• Provided data:
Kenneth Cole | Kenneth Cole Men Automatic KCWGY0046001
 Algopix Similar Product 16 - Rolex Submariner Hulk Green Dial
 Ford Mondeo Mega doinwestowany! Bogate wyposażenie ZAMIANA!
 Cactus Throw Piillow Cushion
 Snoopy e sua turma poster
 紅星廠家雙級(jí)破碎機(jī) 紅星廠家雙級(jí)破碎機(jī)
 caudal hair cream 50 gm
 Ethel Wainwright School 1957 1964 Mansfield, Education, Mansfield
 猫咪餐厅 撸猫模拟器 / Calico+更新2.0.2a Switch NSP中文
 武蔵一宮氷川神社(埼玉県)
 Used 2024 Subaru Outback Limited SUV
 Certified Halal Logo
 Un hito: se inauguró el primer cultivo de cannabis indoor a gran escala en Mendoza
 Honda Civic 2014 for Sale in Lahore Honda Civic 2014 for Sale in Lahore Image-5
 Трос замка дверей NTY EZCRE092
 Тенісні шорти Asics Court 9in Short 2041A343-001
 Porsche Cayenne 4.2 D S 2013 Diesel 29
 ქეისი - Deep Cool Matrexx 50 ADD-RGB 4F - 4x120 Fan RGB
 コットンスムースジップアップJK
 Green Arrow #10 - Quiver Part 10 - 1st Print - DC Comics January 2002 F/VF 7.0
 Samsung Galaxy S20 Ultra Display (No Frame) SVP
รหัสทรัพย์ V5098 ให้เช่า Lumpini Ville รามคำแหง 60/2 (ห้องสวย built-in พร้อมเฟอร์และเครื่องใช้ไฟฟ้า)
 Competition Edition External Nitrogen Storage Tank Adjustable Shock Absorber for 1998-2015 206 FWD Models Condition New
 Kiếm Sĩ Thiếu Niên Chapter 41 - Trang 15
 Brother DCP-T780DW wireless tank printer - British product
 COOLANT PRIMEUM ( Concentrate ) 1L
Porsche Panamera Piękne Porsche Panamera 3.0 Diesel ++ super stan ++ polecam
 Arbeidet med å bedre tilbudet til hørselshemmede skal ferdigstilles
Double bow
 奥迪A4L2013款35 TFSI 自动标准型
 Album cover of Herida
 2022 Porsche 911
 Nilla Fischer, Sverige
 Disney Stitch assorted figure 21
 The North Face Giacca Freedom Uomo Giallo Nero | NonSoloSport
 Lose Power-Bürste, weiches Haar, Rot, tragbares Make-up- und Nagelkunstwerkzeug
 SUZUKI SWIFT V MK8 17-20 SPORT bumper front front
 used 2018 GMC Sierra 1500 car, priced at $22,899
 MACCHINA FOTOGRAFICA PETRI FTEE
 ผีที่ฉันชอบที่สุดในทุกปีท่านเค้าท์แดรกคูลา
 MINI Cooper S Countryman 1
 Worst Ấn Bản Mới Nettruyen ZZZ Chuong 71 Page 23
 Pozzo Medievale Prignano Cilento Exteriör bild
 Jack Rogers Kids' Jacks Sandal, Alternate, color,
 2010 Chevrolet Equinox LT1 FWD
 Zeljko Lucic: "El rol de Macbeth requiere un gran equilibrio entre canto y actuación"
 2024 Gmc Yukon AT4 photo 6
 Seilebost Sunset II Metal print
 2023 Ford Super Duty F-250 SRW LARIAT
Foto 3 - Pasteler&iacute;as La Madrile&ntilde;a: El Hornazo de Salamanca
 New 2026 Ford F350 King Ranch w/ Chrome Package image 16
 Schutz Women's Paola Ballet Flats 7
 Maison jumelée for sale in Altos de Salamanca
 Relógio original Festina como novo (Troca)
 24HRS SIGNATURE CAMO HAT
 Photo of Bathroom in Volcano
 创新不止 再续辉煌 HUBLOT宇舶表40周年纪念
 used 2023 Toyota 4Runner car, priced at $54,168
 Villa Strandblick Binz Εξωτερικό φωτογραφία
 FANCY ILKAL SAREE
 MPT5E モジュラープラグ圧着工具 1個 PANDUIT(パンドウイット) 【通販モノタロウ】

• Task prompt:
Will you return exactly the lines above from the one with "猫咪餐厅 撸猫模拟器 / Calico+更新2.0.2a Switch NSP中文" down to the one with "ქეისი - Deep", counting both as part of the range?

• Result:
 猫咪餐厅 撸猫模拟器 / Calico+更新2.0.2a Switch NSP中文
 武蔵一宮氷川神社(埼玉県)
 Used 2024 Subaru Outback Limited SUV
 Certified Halal Logo
 Un hito: se inauguró el primer cultivo de cannabis indoor a gran escala en Mendoza
 Honda Civic 2014 for Sale in Lahore Honda Civic 2014 for Sale in Lahore Image-5
 Трос замка дверей NTY EZCRE092
 Тенісні шорти Asics Court 9in Short 2041A343-001
 Porsche Cayenne 4.2 D S 2013 Diesel 29
 ქეისი - Deep Cool Matrexx 50 ADD-RGB 4F - 4x120 Fan RGB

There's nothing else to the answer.